##### PROVIDED DATA #####
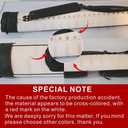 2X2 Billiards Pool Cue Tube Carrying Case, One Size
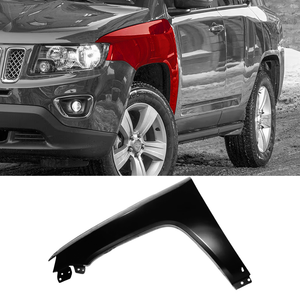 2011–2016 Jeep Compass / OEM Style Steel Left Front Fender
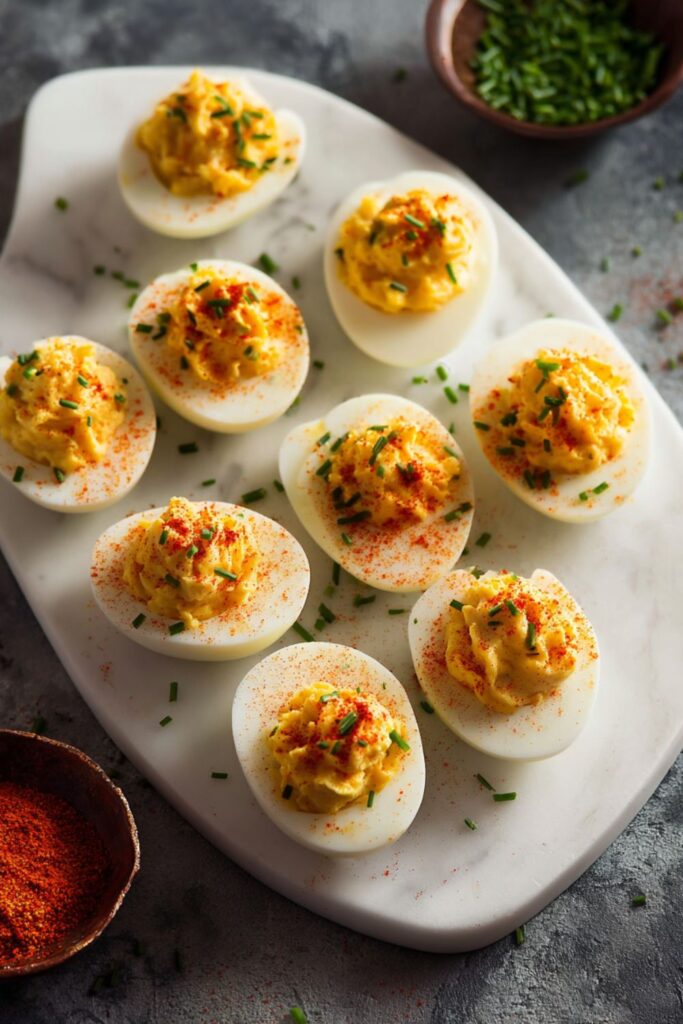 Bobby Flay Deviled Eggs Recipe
#####
ABOUT THIS TASK | The data above should be set down again exactly, with the pictures omitted.

WRITTEN SOLUTION |
 2X2 Billiards Pool Cue Tube Carrying Case, One Size
 2011–2016 Jeep Compass / OEM Style Steel Left Front Fender
 Bobby Flay Deviled Eggs Recipe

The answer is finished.